- **EXERCISE OBJECTIVE**
Output all the data exactly. Pictures do not belong in the copy.

- **PROVIDED RECORDS**

====

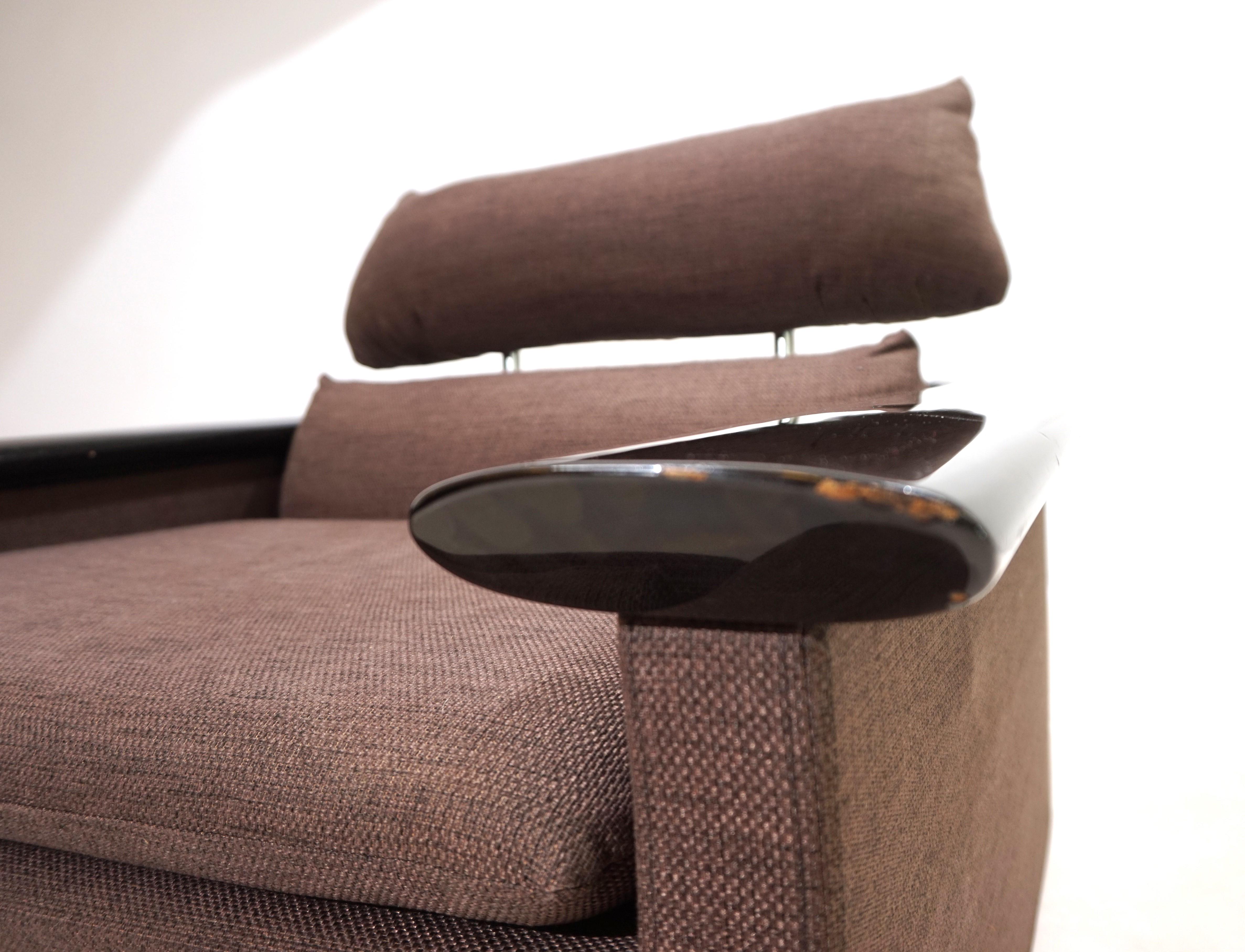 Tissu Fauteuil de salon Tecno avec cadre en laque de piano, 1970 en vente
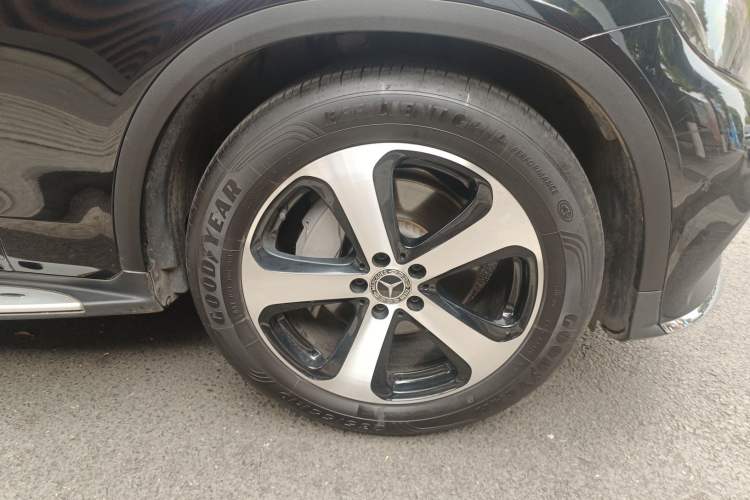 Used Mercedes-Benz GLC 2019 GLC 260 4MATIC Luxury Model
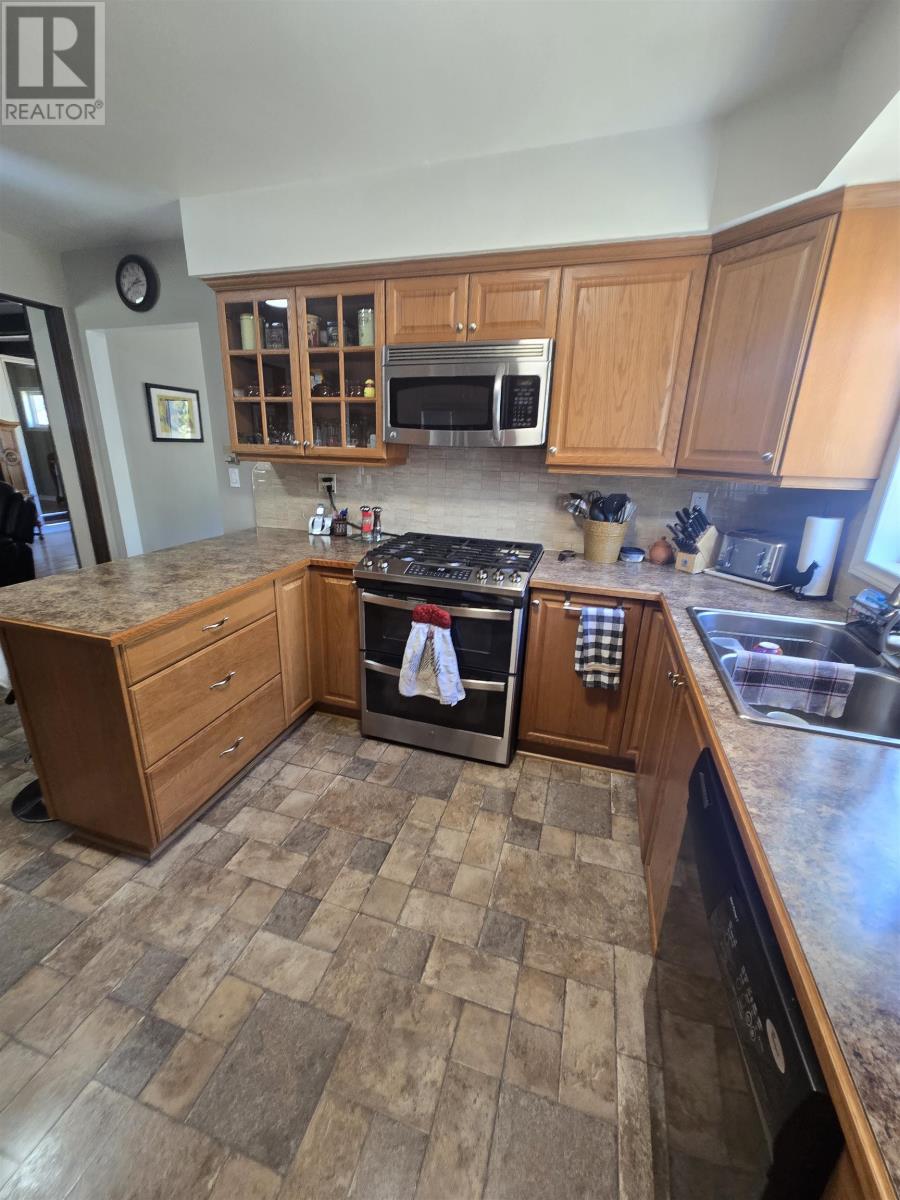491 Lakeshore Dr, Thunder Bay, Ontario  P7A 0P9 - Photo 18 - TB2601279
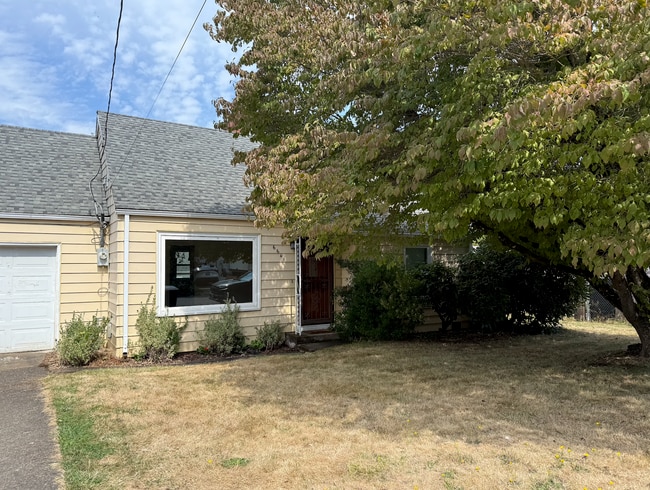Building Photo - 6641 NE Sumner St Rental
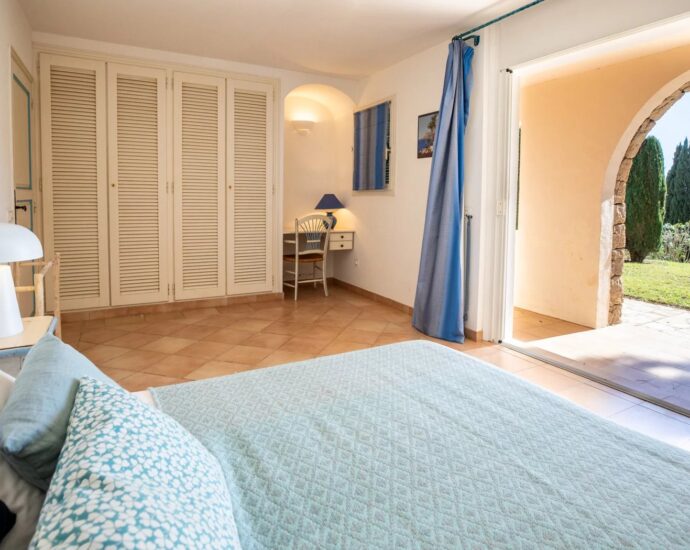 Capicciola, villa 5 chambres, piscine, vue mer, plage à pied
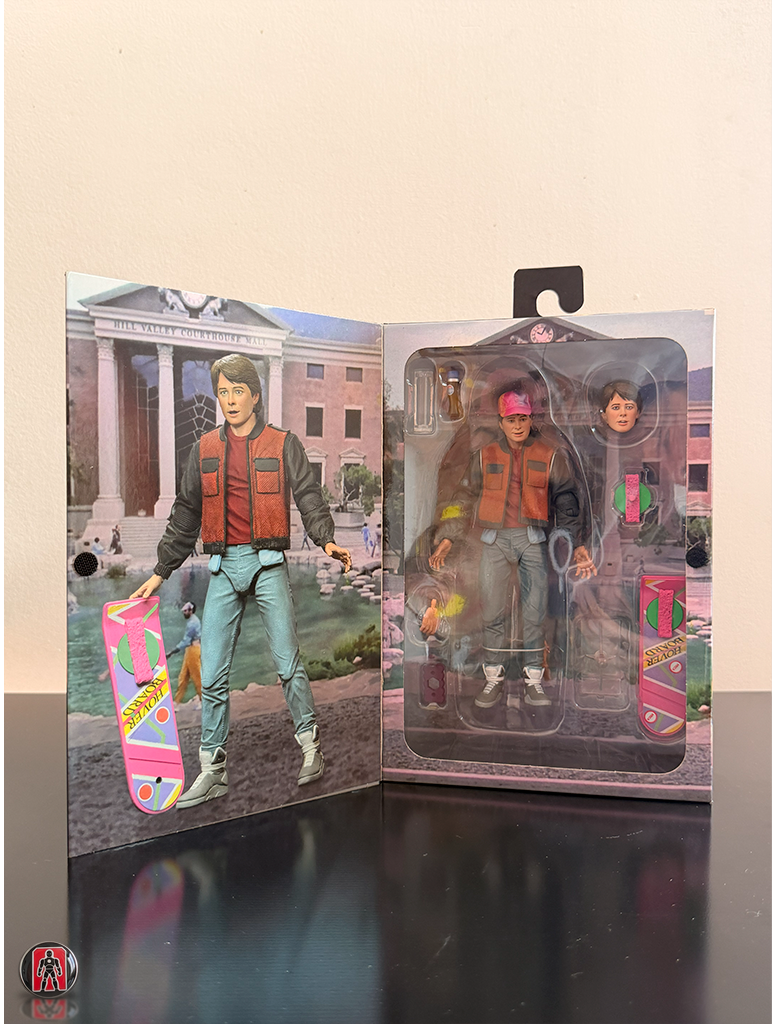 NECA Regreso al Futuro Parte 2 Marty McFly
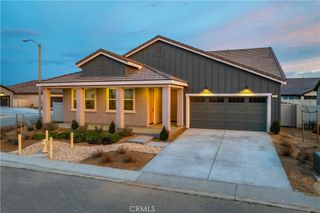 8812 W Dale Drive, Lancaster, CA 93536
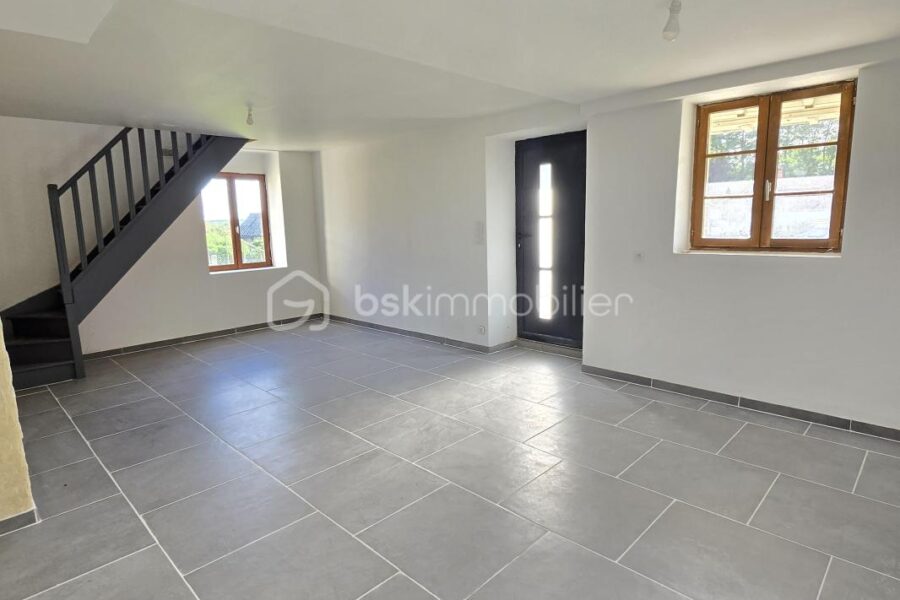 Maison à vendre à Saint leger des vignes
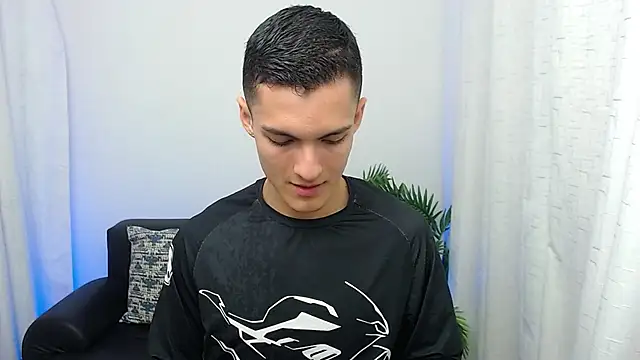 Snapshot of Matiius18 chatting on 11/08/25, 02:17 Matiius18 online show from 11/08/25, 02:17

====

- **THE COMPLETED TASK**
 Tissu Fauteuil de salon Tecno avec cadre en laque de piano, 1970 en vente
 Used Mercedes-Benz GLC 2019 GLC 260 4MATIC Luxury Model
491 Lakeshore Dr, Thunder Bay, Ontario  P7A 0P9 - Photo 18 - TB2601279
Building Photo - 6641 NE Sumner St Rental
 Capicciola, villa 5 chambres, piscine, vue mer, plage à pied
 NECA Regreso al Futuro Parte 2 Marty McFly
 8812 W Dale Drive, Lancaster, CA 93536
 Maison à vendre à Saint leger des vignes
 Snapshot of Matiius18 chatting on 11/08/25, 02:17 Matiius18 online show from 11/08/25, 02:17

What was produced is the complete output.